2. Kafka Real-Time Streaming Configuration
Implemented high-performance streaming for transaction processing:
The full configuration reference is available on request.
3. DBT Fraud Detection Models
Implemented fraud detection feature engineering:
The full data warehouse query reference is available on request.
4. Cube.js Real-Time Fraud Analytics
Implemented real-time fraud scoring and analytics:
The full JavaScript module reference is available on request.
Measurable Results
- Transactions/Day
- 10M+
- Detection Latency
- 1s
- Fraud Reduction
- ↓
- Uptime availability
- High
- Processing Time
- < 100ms
- False Positive Reduction
- ↓
- Real-time Monitoring
- 24/7
- Data Loss
- 0
Performance Improvements
Before Implementation
- Detection Latency: 5-10 seconds for fraud detection
- False Positives: 30% false positive rate
- Fraud Losses: $500K+ monthly losses
- User Experience: Slow transaction processing
- Scalability: Limited to 1M transactions per day
After Implementation
- Detection Latency: 1 second for fraud detection
- False Positives: 9% false positive rate (meaningful reduction)

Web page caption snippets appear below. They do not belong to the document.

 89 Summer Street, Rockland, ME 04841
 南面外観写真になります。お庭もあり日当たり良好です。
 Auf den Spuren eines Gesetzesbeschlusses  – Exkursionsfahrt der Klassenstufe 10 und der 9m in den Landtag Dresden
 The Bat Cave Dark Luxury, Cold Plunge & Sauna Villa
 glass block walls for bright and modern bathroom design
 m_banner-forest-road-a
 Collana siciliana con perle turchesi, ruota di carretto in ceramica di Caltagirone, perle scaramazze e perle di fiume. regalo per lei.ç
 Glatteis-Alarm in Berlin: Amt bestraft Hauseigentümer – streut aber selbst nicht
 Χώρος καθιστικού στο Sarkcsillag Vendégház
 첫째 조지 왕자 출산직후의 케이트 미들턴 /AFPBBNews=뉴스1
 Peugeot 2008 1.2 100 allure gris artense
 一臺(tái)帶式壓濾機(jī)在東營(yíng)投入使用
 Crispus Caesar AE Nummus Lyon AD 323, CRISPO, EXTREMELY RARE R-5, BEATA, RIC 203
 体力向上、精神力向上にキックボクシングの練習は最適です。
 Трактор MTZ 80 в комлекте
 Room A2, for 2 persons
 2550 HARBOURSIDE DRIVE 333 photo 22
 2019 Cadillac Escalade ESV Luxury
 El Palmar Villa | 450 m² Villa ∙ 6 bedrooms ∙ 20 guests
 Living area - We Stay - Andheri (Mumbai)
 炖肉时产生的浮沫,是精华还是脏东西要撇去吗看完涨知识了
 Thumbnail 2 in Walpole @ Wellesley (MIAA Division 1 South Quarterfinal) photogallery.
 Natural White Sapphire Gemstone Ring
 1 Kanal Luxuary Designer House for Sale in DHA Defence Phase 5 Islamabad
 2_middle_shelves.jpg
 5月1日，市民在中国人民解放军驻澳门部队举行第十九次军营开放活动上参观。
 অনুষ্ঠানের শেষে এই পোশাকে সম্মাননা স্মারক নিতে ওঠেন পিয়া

- Fraud Reduction: meaningful reduction in fraudulent transactions
- User Experience: Real-time transaction processing
- Scalability: Support for 10M+ transactions per day
Business Impact
Operational Efficiency
- Real-time Detection: Sub-second fraud detection across all transactions
- Automated Response: Immediate fraud alerts and transaction blocking
- Cost Savings: $2M+ monthly savings from reduced false positives
- Risk Mitigation: meaningful reduction in fraud losses
- Compliance: Automated compliance with financial regulations
Strategic Benefits
- Competitive Advantage: Faster transaction processing than competitors
- User Trust: Improved user experience with real-time processing
- Scalability: Platform supporting growth to 50M+ transactions per day
- Innovation: Foundation for advanced fraud detection algorithms
- Compliance: Automated audit trails and regulatory reporting
Fraud Template
Our implementation provides a fraud detection template that includes:
- Terraform Infrastructure
- Kafka Streaming
- DBT Feature Engineering
- Real-time Analytics
- Fraud Detection Algorithms
- Monitoring Setup
- Alerting System
- Documentation
Call to Action
Ready to implement real-time fraud detection? Try our template and start your journey:
Conclusion
The real-time fraud detection implementation demonstrates that high-volume transaction monitoring can be achieved with sub-second latency while maintaining high accuracy. By leveraging modern streaming technologies and intelligent fraud detection algorithms, Luce achieved:
- High Performance: 1-second latency for 10M transactions per day
- Fraud Reduction: meaningful reduction in fraudulent transactions
- False Positive Reduction: meaningful reduction in false positives
- Scalability: Platform supporting massive transaction volumes
- Real-time Monitoring: 24/7 automated fraud detection and alerting
This project serves as a blueprint for other fintech organizations seeking to implement real-time fraud detection while maintaining excellent user experience and operational efficiency. The fraud template provides a proven framework for achieving similar results across different industries and transaction volumes.